Sliding doors don’t slide… they roll. And, the rolling part is a main factor in all patio door problems including drafts, misalignment, loose handles, scraping noises and dragging.
The secret is hidden in the base of your sliding patio door. In a slot or wide groove (out of sight) in the bottom horizontal frame of the operating door (the one that moves) are a pair of adjustable steel housings, axles, bearings and grooved zinc plated steel wheels called “rollers”. (Some can be nylon or stainless)
In the first twenty years of life, these roller assemblies deteriorate… the zinc plating wears and the metal rusts, the bearings wear and reduce (or stop) wheel rotation. The axles wear and can allow the door to shift and scrape the track walls… and the concave groove in each roller can flatten and create a misalignment of the door and gouging of the track rail.
As the above conditions gradually become more severe, the door becomes more difficult to move, the handles can break from the strain and drafts are common. It is not that the door is heavy or old… it’s the rollers!

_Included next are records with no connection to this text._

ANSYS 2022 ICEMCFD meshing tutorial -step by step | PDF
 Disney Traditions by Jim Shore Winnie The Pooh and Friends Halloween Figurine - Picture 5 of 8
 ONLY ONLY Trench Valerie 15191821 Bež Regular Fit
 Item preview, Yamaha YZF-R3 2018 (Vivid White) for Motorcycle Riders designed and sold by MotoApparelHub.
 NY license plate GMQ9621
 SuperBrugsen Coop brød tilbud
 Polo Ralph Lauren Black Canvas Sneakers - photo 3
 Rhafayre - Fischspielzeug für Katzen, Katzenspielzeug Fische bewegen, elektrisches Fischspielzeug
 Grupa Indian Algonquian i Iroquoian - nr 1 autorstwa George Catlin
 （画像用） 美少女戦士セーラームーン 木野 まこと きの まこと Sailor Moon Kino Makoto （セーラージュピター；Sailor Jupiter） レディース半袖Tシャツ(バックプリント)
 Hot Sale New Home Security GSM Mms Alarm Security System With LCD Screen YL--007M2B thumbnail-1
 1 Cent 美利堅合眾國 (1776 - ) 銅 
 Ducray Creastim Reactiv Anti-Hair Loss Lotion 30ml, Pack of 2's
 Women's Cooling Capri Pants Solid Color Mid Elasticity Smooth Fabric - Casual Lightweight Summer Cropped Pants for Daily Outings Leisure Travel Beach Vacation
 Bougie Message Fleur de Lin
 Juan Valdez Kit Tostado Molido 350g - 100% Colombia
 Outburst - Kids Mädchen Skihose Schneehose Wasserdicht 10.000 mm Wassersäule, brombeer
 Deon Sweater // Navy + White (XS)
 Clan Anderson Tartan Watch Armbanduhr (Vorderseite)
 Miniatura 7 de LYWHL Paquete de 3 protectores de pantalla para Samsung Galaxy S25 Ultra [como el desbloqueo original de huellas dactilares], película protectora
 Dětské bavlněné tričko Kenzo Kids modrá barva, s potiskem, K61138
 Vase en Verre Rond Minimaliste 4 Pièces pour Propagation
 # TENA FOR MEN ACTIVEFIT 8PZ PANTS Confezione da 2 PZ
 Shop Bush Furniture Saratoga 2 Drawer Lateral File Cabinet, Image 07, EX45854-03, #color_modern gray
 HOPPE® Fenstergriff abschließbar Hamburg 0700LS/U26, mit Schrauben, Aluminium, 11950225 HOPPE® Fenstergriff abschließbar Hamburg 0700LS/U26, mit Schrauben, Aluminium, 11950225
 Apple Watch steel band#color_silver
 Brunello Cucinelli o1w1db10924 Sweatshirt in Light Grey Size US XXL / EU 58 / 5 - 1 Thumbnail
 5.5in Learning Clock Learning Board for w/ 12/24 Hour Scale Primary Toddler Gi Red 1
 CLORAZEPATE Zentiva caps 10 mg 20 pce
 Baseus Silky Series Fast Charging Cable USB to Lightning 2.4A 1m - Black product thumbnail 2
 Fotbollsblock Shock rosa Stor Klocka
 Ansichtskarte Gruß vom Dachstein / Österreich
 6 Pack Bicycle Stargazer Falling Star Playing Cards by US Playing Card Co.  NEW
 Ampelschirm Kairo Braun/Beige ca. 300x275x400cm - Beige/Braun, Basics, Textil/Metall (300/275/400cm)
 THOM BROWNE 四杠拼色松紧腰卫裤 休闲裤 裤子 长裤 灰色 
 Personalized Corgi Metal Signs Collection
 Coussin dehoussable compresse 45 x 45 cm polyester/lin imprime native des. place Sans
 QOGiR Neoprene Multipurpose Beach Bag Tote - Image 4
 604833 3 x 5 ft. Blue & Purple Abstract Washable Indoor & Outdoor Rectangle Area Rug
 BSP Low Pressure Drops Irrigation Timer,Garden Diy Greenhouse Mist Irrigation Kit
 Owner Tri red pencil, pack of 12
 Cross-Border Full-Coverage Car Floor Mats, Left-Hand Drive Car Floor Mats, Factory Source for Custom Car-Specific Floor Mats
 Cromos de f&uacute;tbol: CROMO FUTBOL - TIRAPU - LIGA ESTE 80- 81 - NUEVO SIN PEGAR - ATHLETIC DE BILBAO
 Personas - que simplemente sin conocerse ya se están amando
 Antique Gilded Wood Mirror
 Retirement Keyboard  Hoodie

When the rollers don’t roll, then the door “slides”… and, spreading grease or oil on the track will give you some relief for only about a day or two.
Bottom line, you just need to change the rollers.
There are over 300 different types of roller assemblies for the many patio doors that have been manufactured over the last 50 years. Some door rollers are extinct and new versions need to be skillfully retrofitted.
Regardless, changing the rollers is very cost-effective and is typically less than 10% of the cost of a new patio door system. This only needs to be done every 15-20 years.
Because of the various conditions caused by roller failure, just changing them may not completely solve all the issues. Therefore, someone with inexperience may find themselves in over their head.